We may want to have a per-node home directory for additional security and deployment reasons. We already restrict what commands a particular user is able to run, but it wouldn't hurt to sandbox access even more. Further, this could allow us to do something like put per-node config / parameters in their own directories to allow them to pull new configurations or credentials on their own. It could essentially be a set of synced home directories.
I'd argue that this approach isn't much harder than we have now and could be built out in parallel until it's signed off on.
It's not much harder to have a script which rebuilds multiple directories / authorized_keys files as opposed to a single large one. The only additional step would be ensuring that each user is added to the ssh container. I'd imagine this step is a pretty fast and could be run at container startup or on a schedule.
Just something to think about.
I've been thinking some more about how we can combine a bit of what we have now into a simpler pipeline.
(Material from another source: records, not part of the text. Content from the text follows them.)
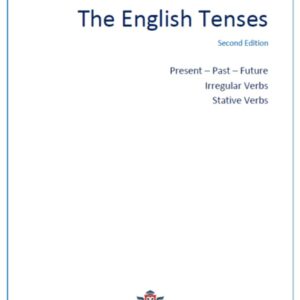 The English Tenses booklet featured image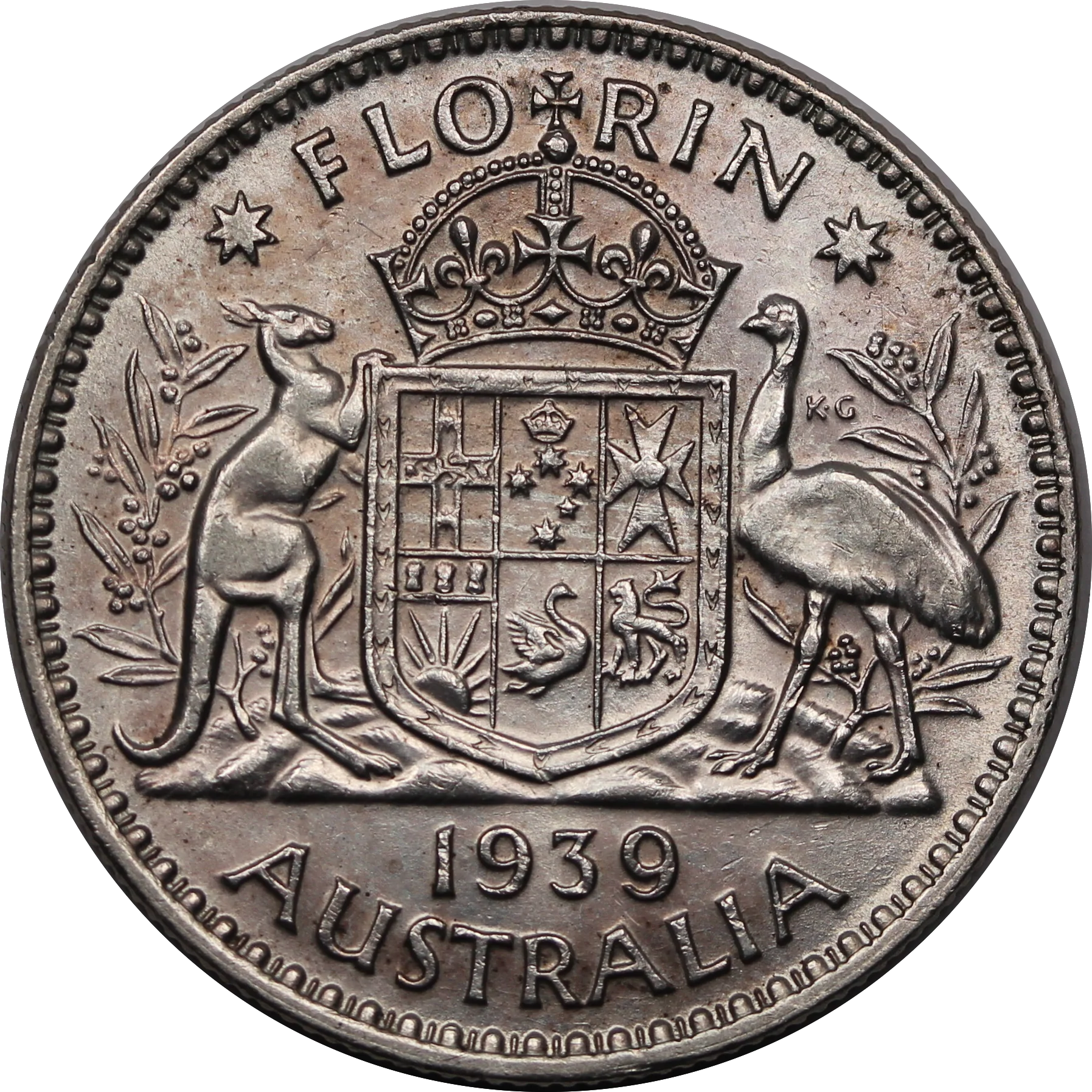 1939 Florin EF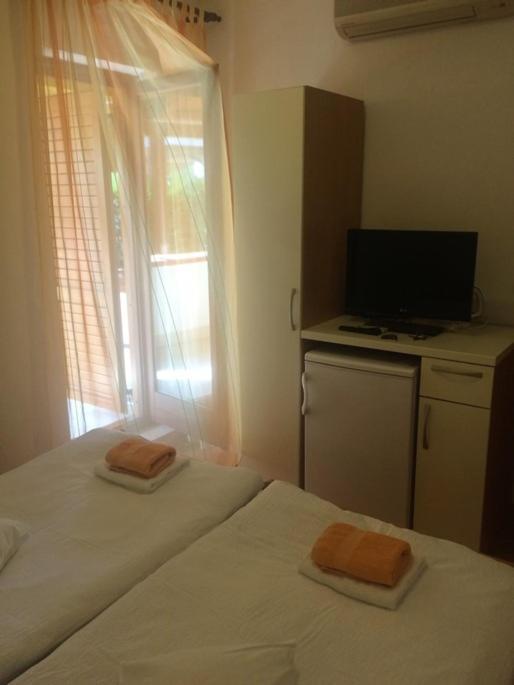 Vila Albatros Bed & Breakfast Rovinj Eksteriør bilde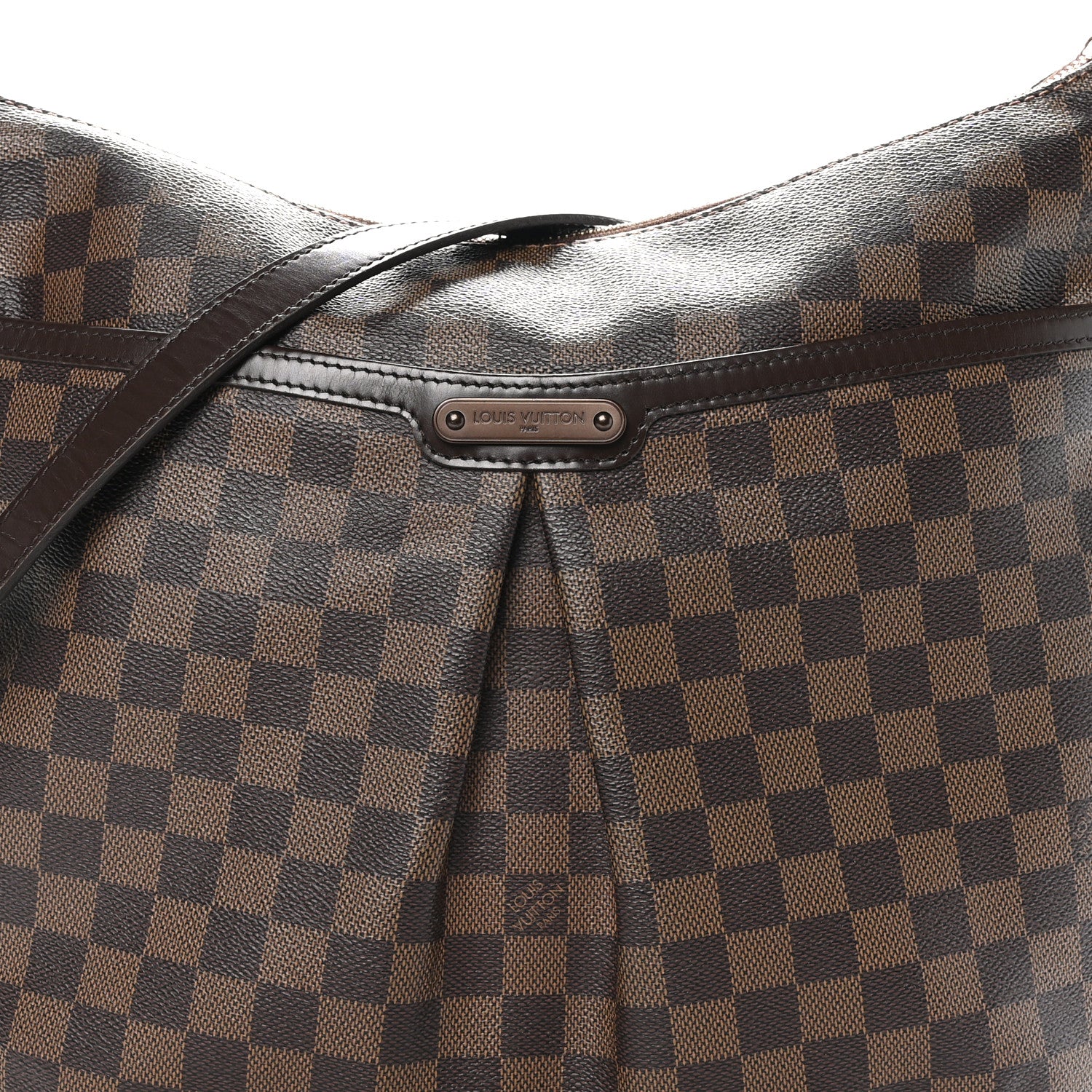 Louis Vuitton Damier Ebene Bloomsbury GM 7 of 9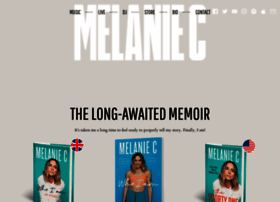 Melaniec.net thumbnail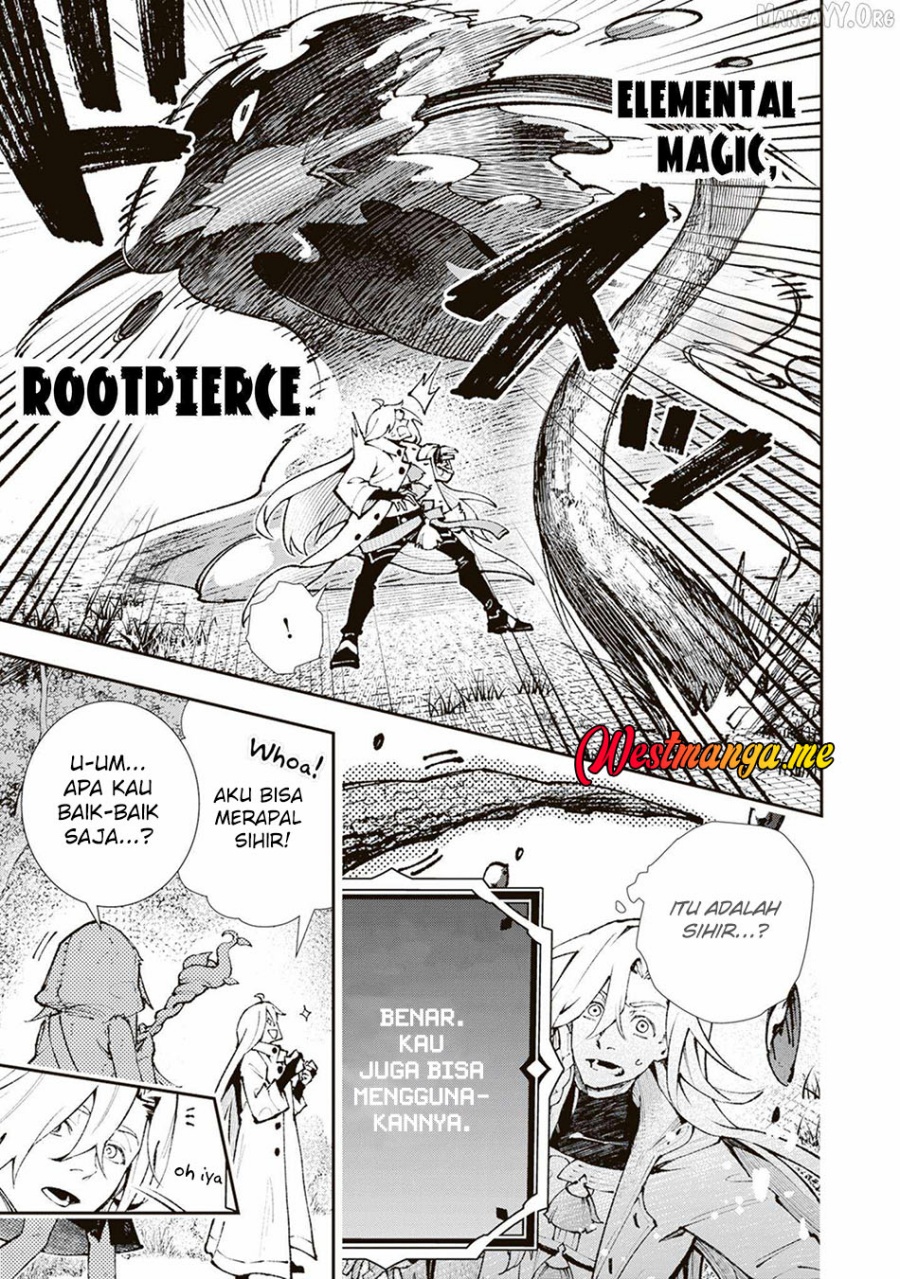 Level Count Stop kara Hajimaru, Kamisama-teki Isekai Life: Saikyou Status ni Tensei Shita node Suki ni Ikimasu Chapter 01 Bahasa Indonesia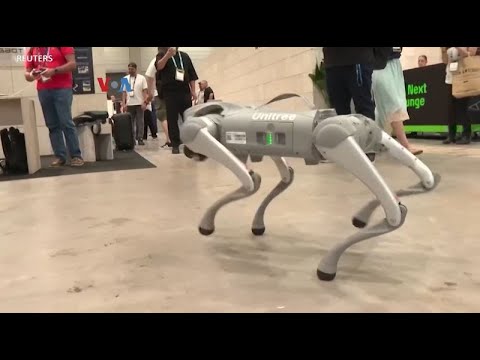 VOA - ROBOT PINTAR UNTUK KONSUMEN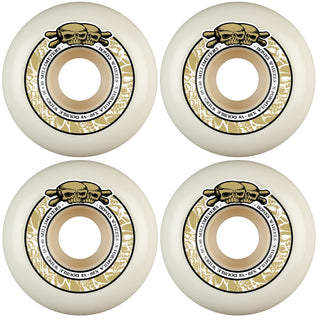 Bones Skateboard Wheels 56mm 99A X-Formula V8 Double Wides
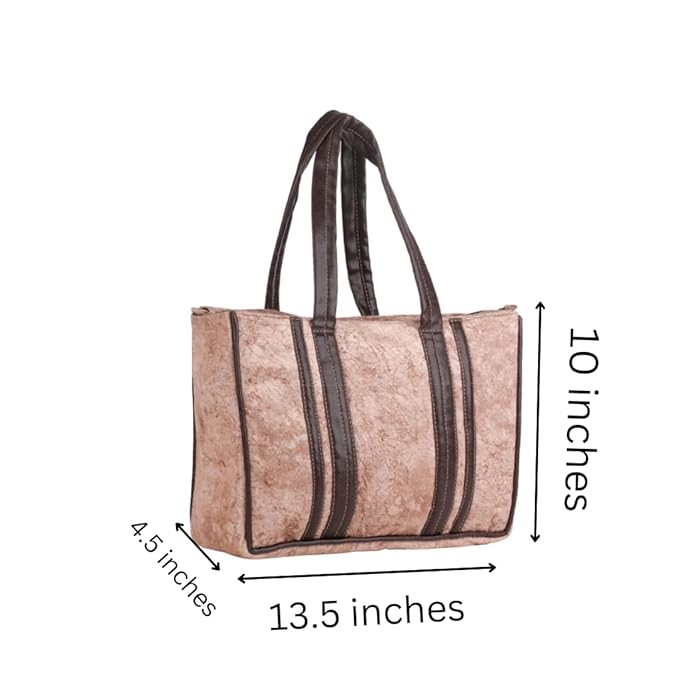 Book Totes ( Small Sizes Suede and Leather Box Totes )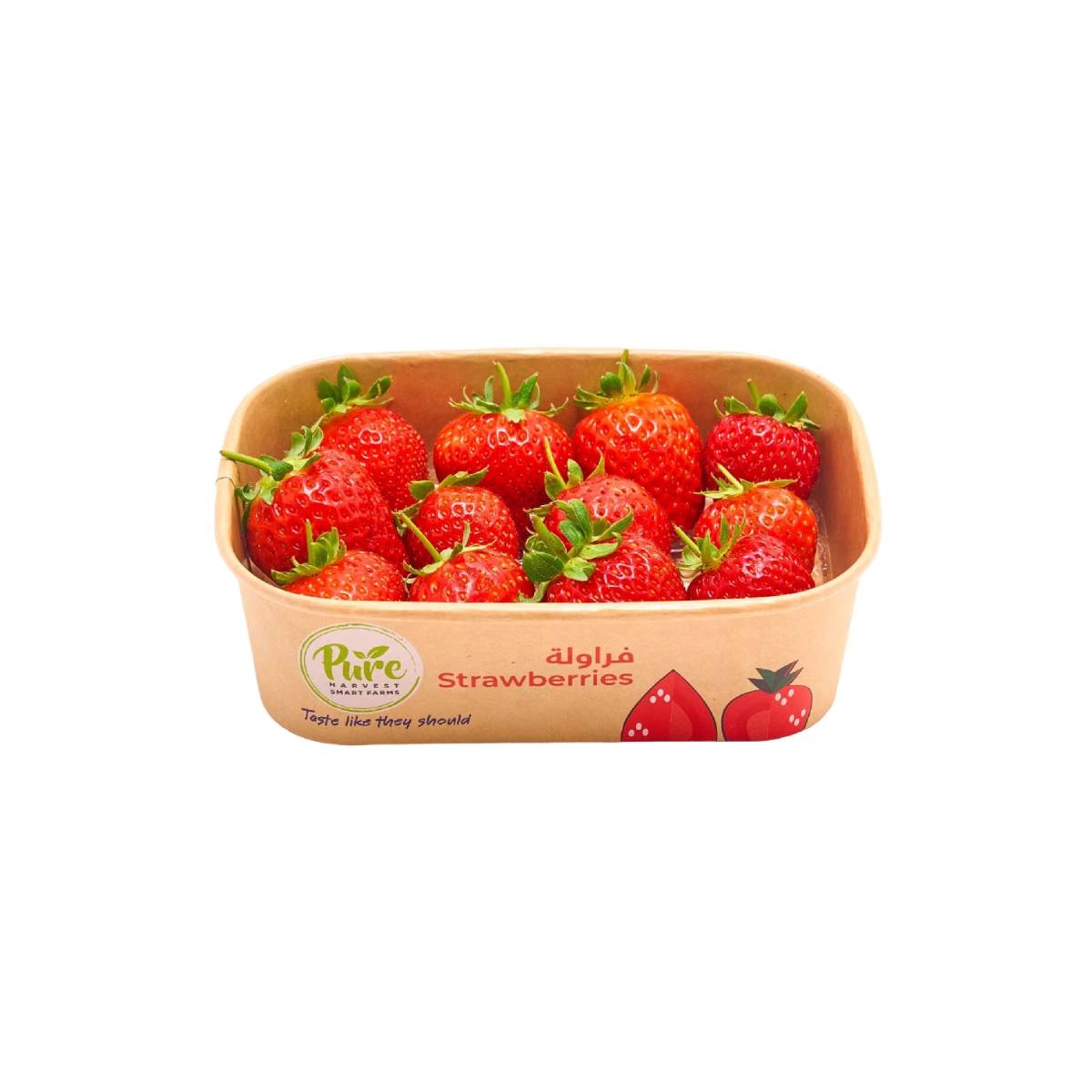 Pure Harvest Strawberry Uae 200g Pack
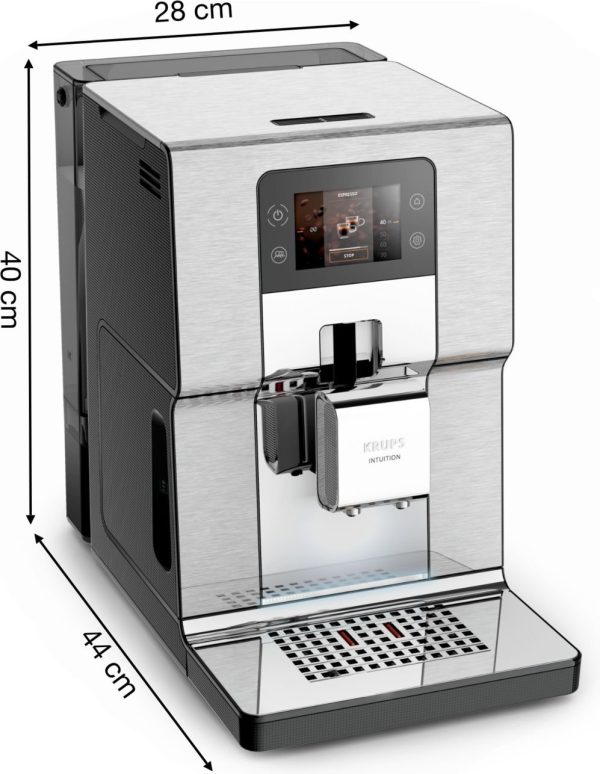 Krups Intuition Experience+ EA877D Volledig automatische espressomachine 3 L - Image 6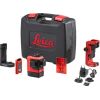 Leica Geosystems Lāzera nivelieris Leica Lino L6R; sarkana; ar piederumiem Mērinstrumenti, Attāluma un līmeņa mērītāji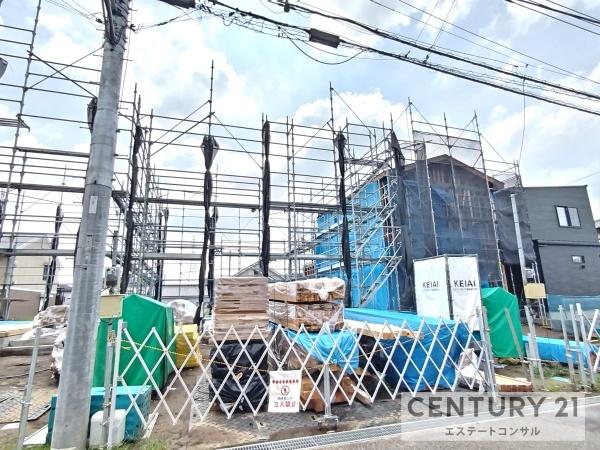 君津市外箕輪1丁目　新築一戸建て　4期　2号棟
A very reasonable approach would be to transition to a cassandra table with columns: ((nodeid , date), topic, timestamp), body
(Yes, topic is kind of just a semantic change from plugin. It'd basically be used to store any routing key, for example, coresense:3
or metric
.).
Now, we could put a single "data" exchange in beehive accepting all messages like this. If it's a direct exchange, we can then do a simple "opt-in" for each topic we want to store in that database.
The other nice thing about this layout is it supports splitting messages by topic from the database. Generally, you always end up having to handle each topic case-wise, so having the database support this would be great. At the moment, we can't do that without manually filtering. This should also allow better time slicing within a single day.
This is also general enough that we don't need any special code handling things at the front - we just grab data, maybe add a received_at timestamp, and shove it in the database from later processing. This eliminates the need to do any data format changing since all that has to be handled on a case-by-case basis anyway but ensures the storage (and backup) problem is handled uniformly.
Another way to think of this is as simply as a permanent message log which can be replayed for later processing. The nice thing is, this can be designed as a configurable service in the sense that a binding for each topic can be adding to any exchange and you'll automatically start getting backups.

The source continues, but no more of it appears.